'If you hear a tinkle on the knee, a Morris dancer it must be,' this is not a Chaucerian cant, or even a line from a Thomas Hardy novel, but something I just made up to accompany the cover photo of Folk Weekend: Oxford. For a pair of slightly knock-kneed, bell clad knees apparently, say it all. Except there is a lot more to this 3-day event than Morris dancing. As well as the Celtic fringes, there were Scandinavian and French performers represented as well as some big names like Eliza Carthy. Ticket holders also had the opportunity to hear and join in with harpists, sea shanties, ceilidhs, dulcimer players and troubadours of all kinds.
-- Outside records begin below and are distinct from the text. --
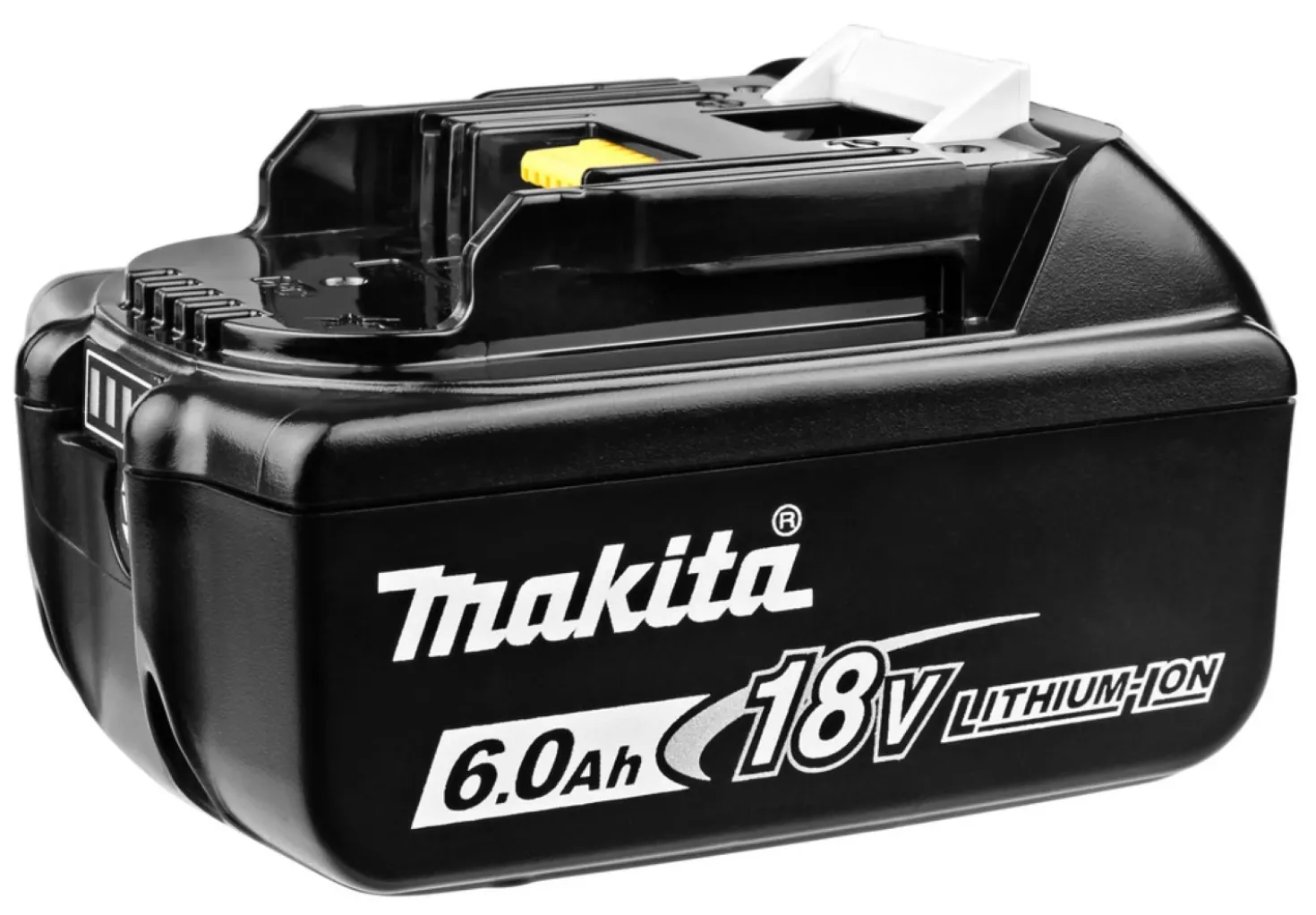 Makita BL1860B duopack 18V Li-ion accu - 6.0Ah (2st)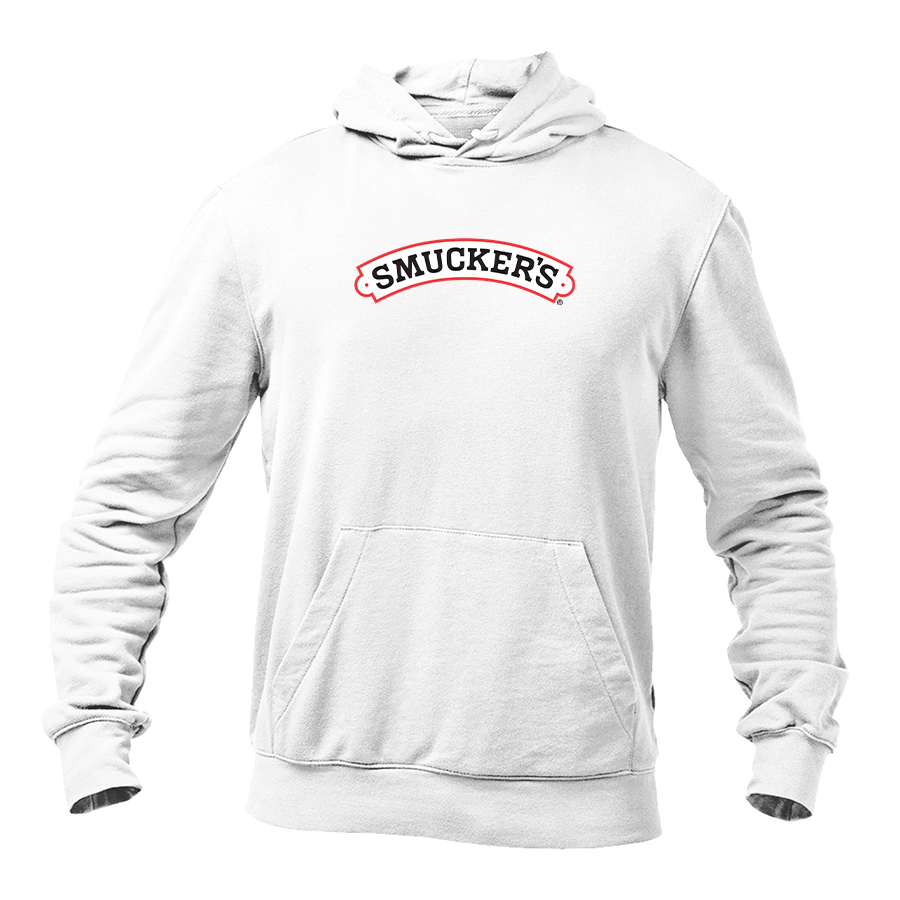 Men's Smucker's Logo Pullover Hoodie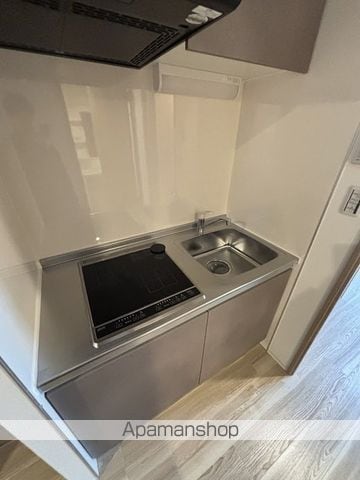 ALATO KOMAGOMEの内装写真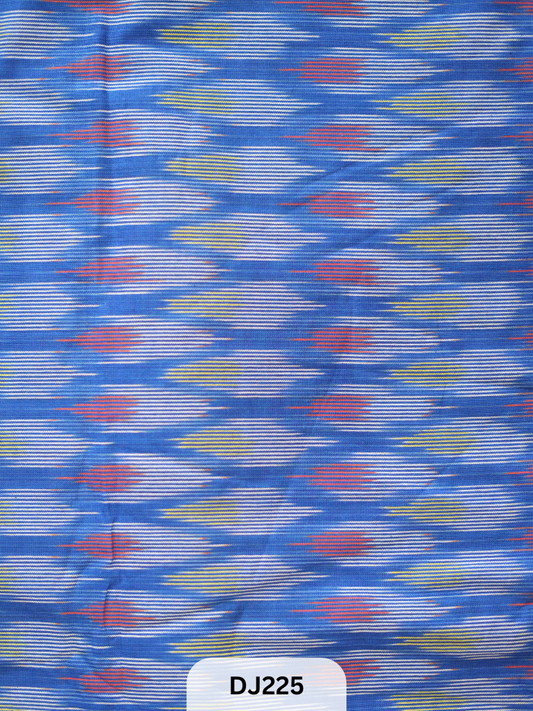 Ikkat Fabric - 1mt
I caught but a few of the bands playing at this year’s festival (now in its seventh year) and saw plenty of folk-weekender Morris dancers from walking around central Oxford on Saturday. The festival for ticket holders is organised in a few main sites; the Wesley Memorial Church, the Quaker Meeting House and St Barnabas Church in Jericho are for the bigger audiences. On Saturday, in the Wesley Memorial Hall where I used to take my kid to pre-school play meets, we see Banter, a band who had played along to a ceilidh the night before. Boy, was I gutted to have missed that, for even sitting in the little hall, surrounded by fairly non-descript Oxon sandal-and-fleece wearers, Banter was on fire. Their lead vocalist and pianist had a voice poised somewhere between Dolly Parton and Adele, and the accordion player might just be the Jimi Hendrix of the accordion world (in the sense that he gave the onlooker the feeling that his chosen instrument might just be the most important relationship in his life). He told the audience: 'Gyrate if you want to, otherwise just shift your buttocks from side to side!' Good advice, for it is difficult to sit through this performance without wanting to sway and stamp like the best of them.
I also saw the main Sunday evening set; firstly, Mary Bateman who played last year at Blackwells, was now bumped up the programme to play at the Wesley Memorial Church. This Somerset-based singer played a few traditional songs as well as her own arrangements. ‘The Wyvern Song’ was about the Mendips, dragons and Arthurian legend, which I thought could well be the theme tune to an advert promoting Cheddar cheese as it was so regional in its concerns. Sweetly, she misconstrues the calls for the encore ('How embarrassing,' she tells us) and when I ask if I can buy her CD she tells me she's sold out: 'I was making them myself and didn’t think they’d go!' Even if you don’t like folk music much, you’ve got to admire its lack of ego. Perhaps because it is not so ‘cool’ - the types that go to these gigs are just there for the music. One folk band that must surely be cool is The Furrow Collective. They’ve had rave reviews in the Guardian, they’re on their third album, and as far as I know, at least two of its members had flourishing careers before forming as a group. But no, they are musicians, telling stories to music, and doing it well before going back to everyday things such as sleepless nights caused by motherhood (not partying) and excusing coughs on stage as 'I missed my flu jab'. Well done to the organisers of this weekender, for modesty aside, you deserve it.